Gnowangerup
Postcode: 6335
Typical sleepy wheat and sheep service town.
Gnowangerup is located 335 km south east of Perth and is a typical wheat and sheep town. It probably acquired its unusual name from the local Aboriginal word ‘gnowneerup’ meaning the ‘place of mallee hen eggs’. There was a time when the local people attempted to change the town’s name but, in spite of a number of suggestions, the State Lands Department refused.
The first European into the area was John Septimus Roe, the Western Australian surveyor-general, who, on one of the eight expeditions which he made between 1830-1835, passed through the area.
The area was settled by European pastoralists in the 1850s. By the 1870s Thomas Quinn had acquired the area around Gnowangerup Spring and was using it as pasture for the horses of the sandalwood cutters who moved through the area. It wasn’t until 1905 that the town was named and gazetted.

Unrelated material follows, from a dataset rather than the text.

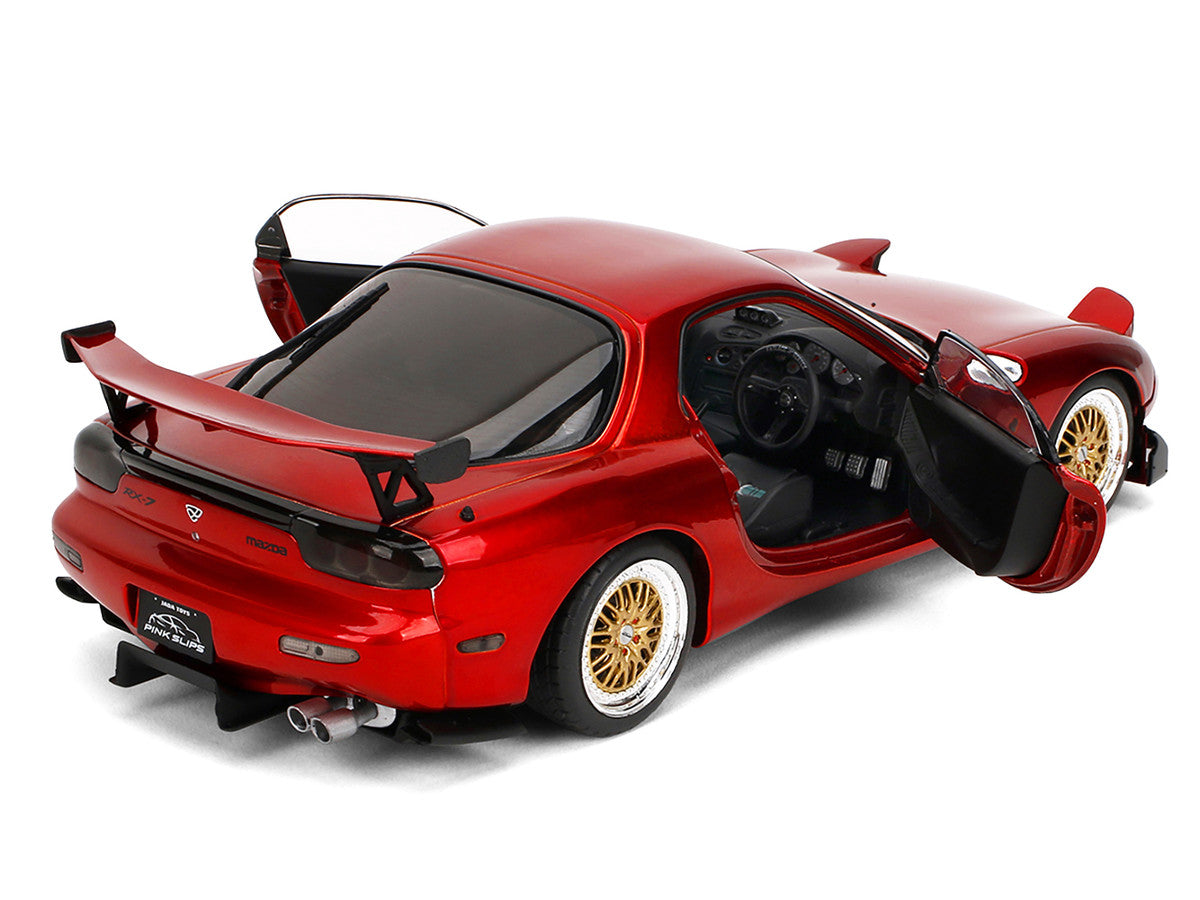 Mazda RX7 Type RS (FD3S) RHD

The first merino sheep were introduced into the area in 1908, by 1912 the railway had arrived and by 1918 there was a butter factory in the town.
Today Gnowangerup is a typical farming service centre with its hotel/motel and its railway line, its farm machinery yards and its service shops providing the needs for the 2 500 people who live in the shire raising beef cattle and sheep or growing wheat, barley, lupins, peas and linseed.